THE TASK:
The answer is every line of the records that holds the word "Cute", copied in full.

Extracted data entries

"""

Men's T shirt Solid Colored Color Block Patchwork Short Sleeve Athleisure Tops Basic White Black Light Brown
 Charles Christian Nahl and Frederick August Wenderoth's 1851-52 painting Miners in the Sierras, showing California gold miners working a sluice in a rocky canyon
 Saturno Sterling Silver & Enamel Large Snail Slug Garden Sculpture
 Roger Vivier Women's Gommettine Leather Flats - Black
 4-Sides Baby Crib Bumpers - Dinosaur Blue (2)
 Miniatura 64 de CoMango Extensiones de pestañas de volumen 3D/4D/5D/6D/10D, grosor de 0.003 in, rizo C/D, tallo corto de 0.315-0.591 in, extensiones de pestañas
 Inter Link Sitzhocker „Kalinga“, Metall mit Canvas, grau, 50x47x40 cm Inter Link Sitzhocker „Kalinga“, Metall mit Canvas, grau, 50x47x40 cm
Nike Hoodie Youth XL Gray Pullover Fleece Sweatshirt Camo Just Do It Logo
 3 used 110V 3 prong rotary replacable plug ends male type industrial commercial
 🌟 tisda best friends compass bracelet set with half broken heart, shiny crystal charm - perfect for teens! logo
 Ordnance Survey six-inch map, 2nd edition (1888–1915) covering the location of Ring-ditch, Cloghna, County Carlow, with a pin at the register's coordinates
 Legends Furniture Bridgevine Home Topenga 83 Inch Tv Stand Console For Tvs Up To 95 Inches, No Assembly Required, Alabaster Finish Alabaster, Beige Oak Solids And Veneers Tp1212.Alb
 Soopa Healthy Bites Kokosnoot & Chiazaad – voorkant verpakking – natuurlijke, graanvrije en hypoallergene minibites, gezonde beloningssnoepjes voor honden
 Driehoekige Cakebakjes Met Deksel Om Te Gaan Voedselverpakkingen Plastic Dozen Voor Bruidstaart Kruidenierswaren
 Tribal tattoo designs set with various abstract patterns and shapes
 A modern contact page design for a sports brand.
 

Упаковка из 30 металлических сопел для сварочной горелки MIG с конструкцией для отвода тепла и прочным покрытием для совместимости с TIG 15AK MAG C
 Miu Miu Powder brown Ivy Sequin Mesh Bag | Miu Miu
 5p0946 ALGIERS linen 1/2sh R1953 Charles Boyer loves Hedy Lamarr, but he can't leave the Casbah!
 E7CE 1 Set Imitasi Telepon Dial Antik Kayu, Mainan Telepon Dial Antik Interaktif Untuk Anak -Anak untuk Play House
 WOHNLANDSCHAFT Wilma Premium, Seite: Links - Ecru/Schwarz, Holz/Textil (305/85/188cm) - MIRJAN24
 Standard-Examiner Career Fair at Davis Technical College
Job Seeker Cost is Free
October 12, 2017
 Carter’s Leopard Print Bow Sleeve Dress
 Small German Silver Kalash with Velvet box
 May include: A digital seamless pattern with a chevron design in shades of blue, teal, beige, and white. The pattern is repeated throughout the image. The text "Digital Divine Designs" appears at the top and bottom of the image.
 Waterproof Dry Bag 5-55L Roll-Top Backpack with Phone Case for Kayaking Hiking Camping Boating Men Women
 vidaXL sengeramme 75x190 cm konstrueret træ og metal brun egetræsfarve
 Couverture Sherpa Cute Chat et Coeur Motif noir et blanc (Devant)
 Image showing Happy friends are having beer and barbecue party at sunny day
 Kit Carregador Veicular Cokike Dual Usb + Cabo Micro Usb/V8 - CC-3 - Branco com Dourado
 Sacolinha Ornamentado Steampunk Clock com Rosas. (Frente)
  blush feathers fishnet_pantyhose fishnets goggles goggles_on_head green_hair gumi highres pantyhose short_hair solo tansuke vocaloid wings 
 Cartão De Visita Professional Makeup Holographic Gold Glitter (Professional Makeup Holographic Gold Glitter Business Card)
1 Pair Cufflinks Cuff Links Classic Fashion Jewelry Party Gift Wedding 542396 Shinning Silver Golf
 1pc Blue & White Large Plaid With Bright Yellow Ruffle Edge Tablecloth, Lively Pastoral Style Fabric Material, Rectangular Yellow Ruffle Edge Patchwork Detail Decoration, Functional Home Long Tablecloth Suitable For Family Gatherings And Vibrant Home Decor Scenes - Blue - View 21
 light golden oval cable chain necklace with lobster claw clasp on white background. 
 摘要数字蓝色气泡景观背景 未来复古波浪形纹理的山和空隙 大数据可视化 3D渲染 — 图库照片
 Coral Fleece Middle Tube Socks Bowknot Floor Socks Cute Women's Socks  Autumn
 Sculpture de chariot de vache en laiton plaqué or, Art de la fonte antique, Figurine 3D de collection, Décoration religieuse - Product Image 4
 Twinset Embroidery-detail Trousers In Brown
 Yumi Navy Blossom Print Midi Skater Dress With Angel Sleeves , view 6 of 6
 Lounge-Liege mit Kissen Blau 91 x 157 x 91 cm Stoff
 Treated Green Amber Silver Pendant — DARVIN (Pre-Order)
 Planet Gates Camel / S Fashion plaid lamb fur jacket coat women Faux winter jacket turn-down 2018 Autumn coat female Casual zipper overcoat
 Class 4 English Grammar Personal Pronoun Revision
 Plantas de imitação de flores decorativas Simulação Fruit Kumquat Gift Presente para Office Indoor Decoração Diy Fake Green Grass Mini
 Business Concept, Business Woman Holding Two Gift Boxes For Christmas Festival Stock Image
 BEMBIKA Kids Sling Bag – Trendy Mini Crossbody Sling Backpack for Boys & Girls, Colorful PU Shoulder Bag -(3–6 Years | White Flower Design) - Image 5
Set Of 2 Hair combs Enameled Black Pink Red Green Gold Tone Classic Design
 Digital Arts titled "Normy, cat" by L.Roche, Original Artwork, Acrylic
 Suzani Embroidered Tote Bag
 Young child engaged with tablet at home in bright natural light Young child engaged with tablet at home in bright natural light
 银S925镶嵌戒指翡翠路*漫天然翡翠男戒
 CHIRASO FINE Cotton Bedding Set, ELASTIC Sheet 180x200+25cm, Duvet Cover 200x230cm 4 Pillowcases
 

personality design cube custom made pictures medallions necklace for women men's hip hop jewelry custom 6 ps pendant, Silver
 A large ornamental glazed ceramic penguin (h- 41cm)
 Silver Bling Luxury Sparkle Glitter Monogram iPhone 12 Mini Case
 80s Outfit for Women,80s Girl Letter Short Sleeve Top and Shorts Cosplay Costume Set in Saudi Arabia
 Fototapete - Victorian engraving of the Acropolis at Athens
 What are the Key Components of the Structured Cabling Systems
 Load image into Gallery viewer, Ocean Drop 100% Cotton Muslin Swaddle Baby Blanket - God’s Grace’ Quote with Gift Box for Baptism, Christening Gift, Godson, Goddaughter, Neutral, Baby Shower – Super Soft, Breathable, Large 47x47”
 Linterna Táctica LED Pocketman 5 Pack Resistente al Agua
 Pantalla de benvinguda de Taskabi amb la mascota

"""

SOLUTION TO THIS TASK:
 Couverture Sherpa Cute Chat et Coeur Motif noir et blanc (Devant)
 Coral Fleece Middle Tube Socks Bowknot Floor Socks Cute Women's Socks  Autumn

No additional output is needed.